Friday, March 29, 2013

you think you know it all

     I haven't blogged in far too long.  My baby girl will be five months old in two weeks!  She has changed and grown so much.  No more colic, thank God!  I wish I could have enjoyed my maternity leave more, but I quickly got a huge smack in the face with the reality of having two children.  While I would never change my decision to have two kids or to have two this close together, it has been the hardest thing I have ever done in my life.  With Harper crying nonstop in the beginning, it was made even harder.  Sometimes I think God did that on purpose to remind me that I really don't control anything.  I think I got a little cocky with Peyton because he's such a sweet and easy going kid.  I guess I thought for a minute that I made him that way.  I try my best to raise Peyton in the way that God intends for me to, but me thinking that I really had anything to do with the fact he was an easy baby... that was all God.  And when Harper came along, I quickly realized that I need to not take credit for things I really have no control over.  At the same time, I can't feel guilty for things I have no control over.  I learned to care less what people thought, because no matter what, if Harper felt like screaming she would scream until she didn't feel like it anymore.  She didn't want to eat from a bottle, so she wouldn't, and I couldn't care if I made people a little uncomfortable breastfeeding her when she needed to eat.  I learned to be more humble and I learned to be more accepting of other people who may have crying children and fussy two year olds.  We're all doing the best we can.  It's too overwhelming to think about the level of gratitude I feel toward God for giving me my children.  They are so special.

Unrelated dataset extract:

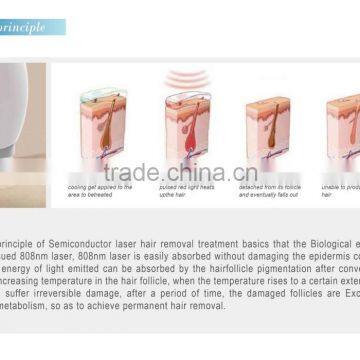 1-10HZ Newest 808nm Diode Laser Face Hair Removal Machine/810nm Portable Laser photo-3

     Going back to work this time after leave was actually easier.  I thought it was going to be harder, but it was ok.  I'm come to an understanding that I won't be a stay-at-home mom anytime soon and it's ok.  My job is important and it gives me the opportunity to show God's love through my actions to kids who may never feel that.  Everyday I try to remind myself to be an accurate representation of who God is by the way I interact with them.  I remind myself daily to be compassionate, kind, caring, loving, and patient with them.  I'd be lying if I said it weren't a struggle sometimes.  Even though it was easier this time, life in general is definitely harder, which is to be expected.  It's nonstop from the time I wake up and go to work until both kids fall asleep, which is usually only thirty minutes before I go to bed.  I've learned to set aside the things that don't matter all that much.  I've become best friends with my DVR and learned that it's ok if I don't watch my show the same night it comes on.. or even the same week.  I'm still taking classes, but I'm finally getting close to my masters degree.  Adding classes to the mix, is just adding more to my already full plate, but I know that when I do have "free" time, I'll appreciate it so much more.   I'm also hoping that having my masters will give me more options, so that I have more time with my children in the future.  I couldn't do any of this without Brandon's support.  He, along with God, is my rock.  I love him so so much.  We of course still have our struggles, arguments, whatever, but he is my partner and my best friend and as much as I like to think I've got it all together, I would've been a hot mess without him in my life the last five months.